## YOUR GOAL
Exactly reproduce the lines from the one containing "happy_gifts_light_blue" through the last line of the data, both ends included, leaving out pictures.

## DATA

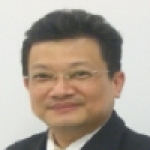 永慶不動產台中新市府加盟店-李一凡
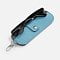 happy_gifts_light_blue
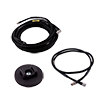 [6016155] Leica GNSS Cable, 6m (Inside Mast)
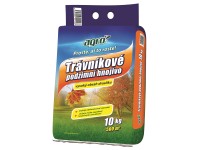 Agro Podzimní trávníkové hnojivo 10 kg Agro Podzimní trávníkové hnojivo 10 kg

## ANSWER FOR THIS EXERCISE
 happy_gifts_light_blue
 [6016155] Leica GNSS Cable, 6m (Inside Mast)
 Agro Podzimní trávníkové hnojivo 10 kg Agro Podzimní trávníkové hnojivo 10 kg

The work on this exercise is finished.